(Published Dec. 20, 2014)
Does this really happen to a person’s mind? Go blank?
Or does the keyboard of the typewriter malfunction?
These thoughts came to mind when I began banging away on my typewriter and the words I tried to type out didn’t type out.
After a number of attempts, I finally got the typewriter to start working.
However, by the time it did begin to function, I was so upset that I just turned the darn machine off.
Then I decided, “Hey, wait a minute, I have to write my column today (Wednesday), so I can’t walk away.”
Yeah, I know. Most of you are thinking, “Man, if you have to start your column with such thoughts, maybe you’d be better off keeping your typewriter turned off.”
Shall I take a vote?

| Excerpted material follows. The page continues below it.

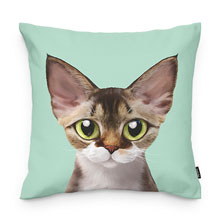 Fany Throw Pillow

Heh, heh.
At any rate, the past few days have been tough ones.
This past Wednesday, Editor Gwen had to pick me up for a ride home because my darn car wouldn’t start. So when I got home, you know what I had to do.

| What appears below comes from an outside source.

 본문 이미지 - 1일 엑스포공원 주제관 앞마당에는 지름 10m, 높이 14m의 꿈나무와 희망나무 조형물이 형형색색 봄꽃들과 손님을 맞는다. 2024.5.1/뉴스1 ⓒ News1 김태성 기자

That’s right. Begin writing this darn column.
After nearly 70 years of putting together a column (beginning during our days in a relocation center), it should not be such a task. But it’s the years that have piled up on my age.
“You’re an old horse,” people tell me, and they are right. Just look around the JA community and count the number of JA journalists who are still around.
Ah, enuff of this kind of chatter. Let me move on.
Christmas is just around the corner. I am reminded of this by the number of Christmas greeting cards I’ve been receiving.
Most of you may remember that over the past few years, I mentioned that the number of greeting cards I have been receiving has fallen almost to nil.
Well, here it is a few days away, and surprise, surprise, the trend seems to have changed.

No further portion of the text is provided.